### EXERCISE BRIEF
Repeat the data word for word and skip the pictures.

### MATERIAL PROVIDED
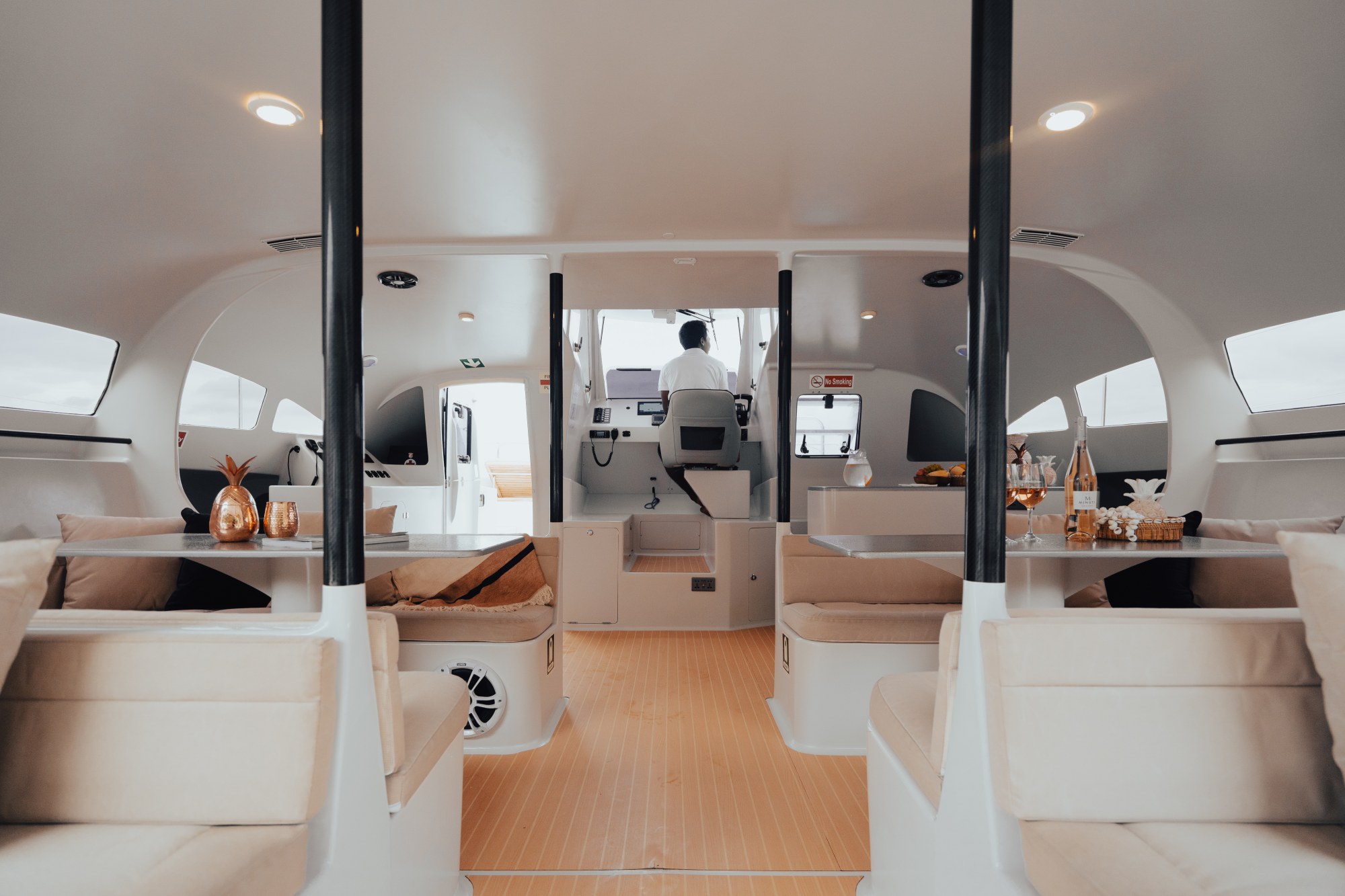 Comfortable minimalist seating inside Vibes Catamaran Yacht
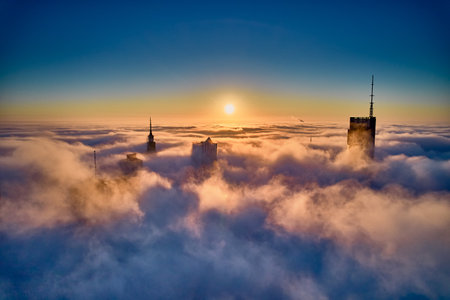 Panoramic aerial drone view of skyscrapers sticking out of low fog at sunrise, Warsaw, Poland, EU.の写真素材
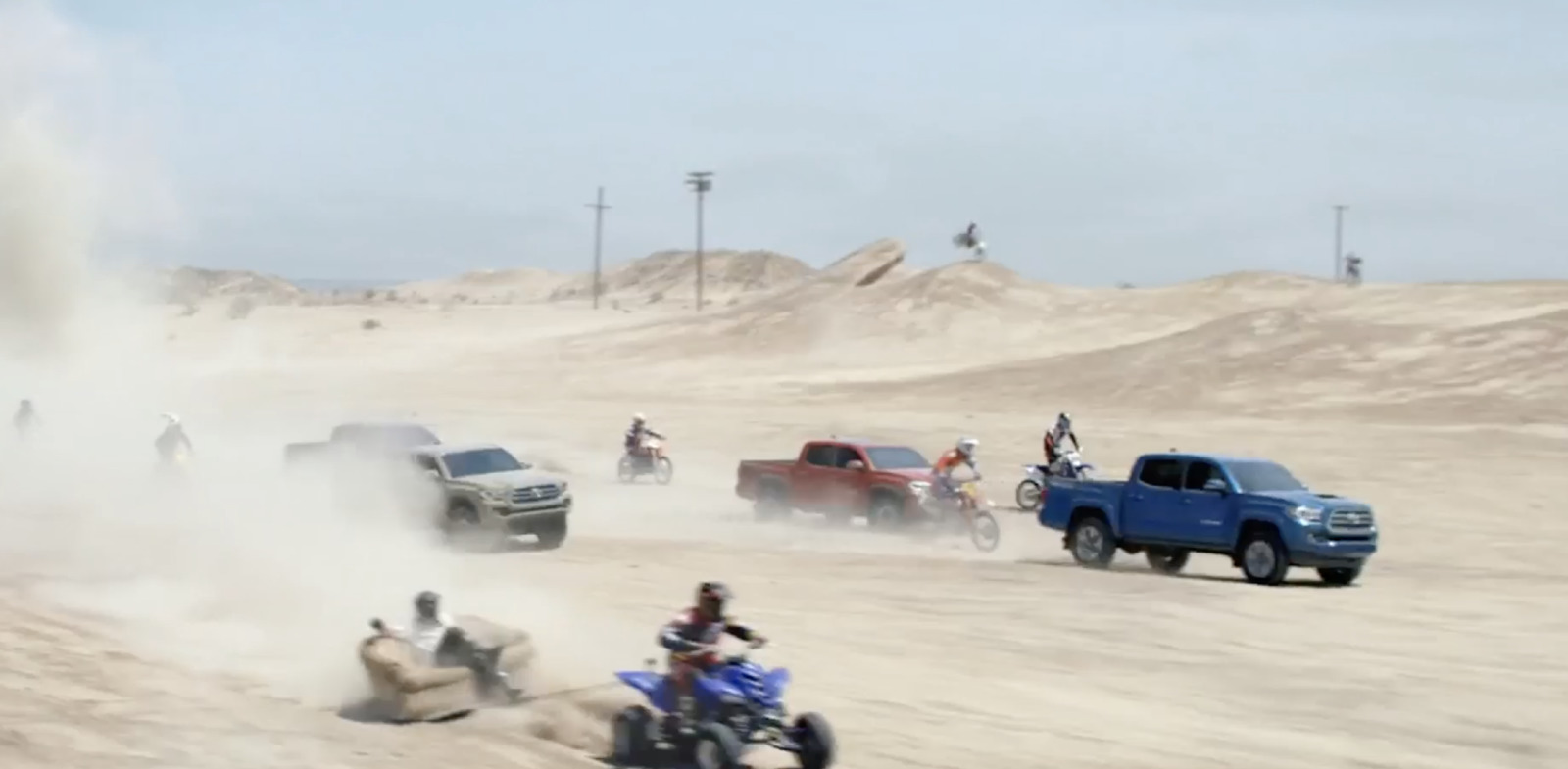 a group of people riding four wheelers in the sand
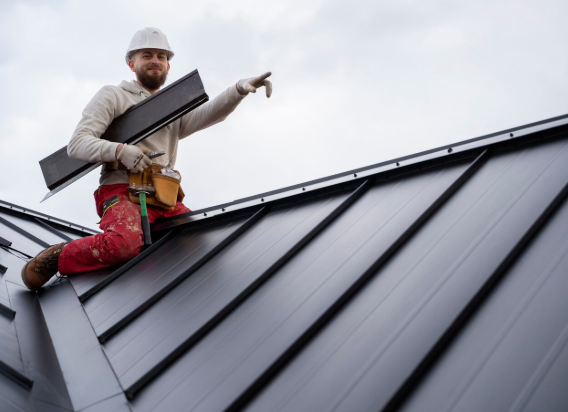 A person sitting on the roof placing metal roofing equipment.
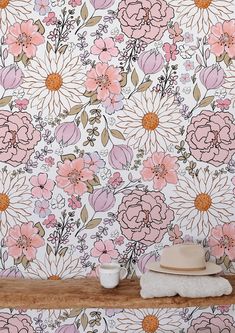 a floral wallpaper with pink and white flowers on it, next to two cups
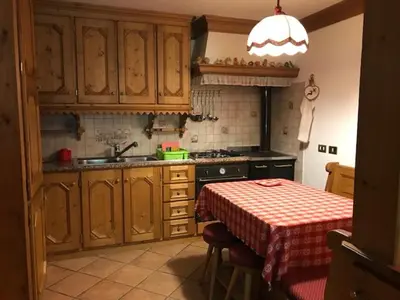 a kitchen with wooden cabinets and a table with a table cloth at Sweet Home in Cortina dʼAmpezzo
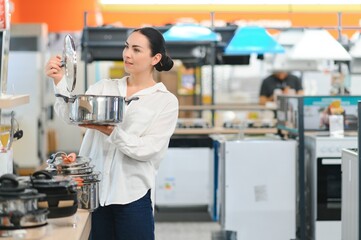 Pretty, young woman choosing a the right pot for her cooking in a modern home furnishings store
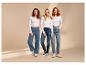 Drie lachende vrouwen in jeans en witte longsleeves.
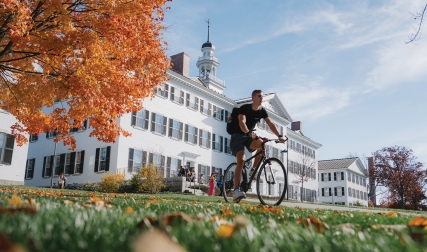 Man on bike on campus
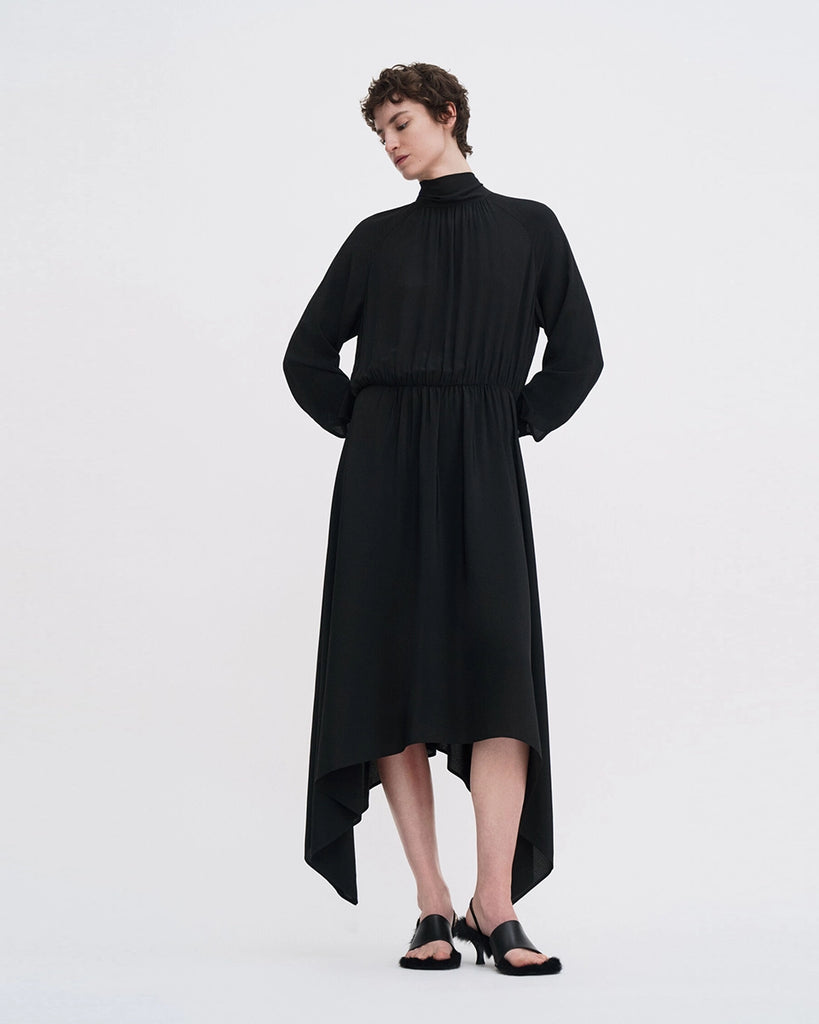 Minimalistyczna, luźna, elegancka sukienka midi Filippa K z wysokim dekoltem w formie golfu i wiązaniem z tyłu przy szyi. Sukienka ma długie rękawy zakończone mankietami oraz efektowne, wąskie rozcięcie na plecach. Z przodu marszczona przy dekolcie i i talii. U dołu wykończona asymetrycznie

### EXERCISE RESPONSE
 Comfortable minimalist seating inside Vibes Catamaran Yacht
 Panoramic aerial drone view of skyscrapers sticking out of low fog at sunrise, Warsaw, Poland, EU.の写真素材
 a group of people riding four wheelers in the sand
 A person sitting on the roof placing metal roofing equipment.
 a floral wallpaper with pink and white flowers on it, next to two cups
 a kitchen with wooden cabinets and a table with a table cloth at Sweet Home in Cortina dʼAmpezzo
 Pretty, young woman choosing a the right pot for her cooking in a modern home furnishings store
 Drie lachende vrouwen in jeans en witte longsleeves.
 Man on bike on campus
 Minimalistyczna, luźna, elegancka sukienka midi Filippa K z wysokim dekoltem w formie golfu i wiązaniem z tyłu przy szyi. Sukienka ma długie rękawy zakończone mankietami oraz efektowne, wąskie rozcięcie na plecach. Z przodu marszczona przy dekolcie i i talii. U dołu wykończona asymetrycznie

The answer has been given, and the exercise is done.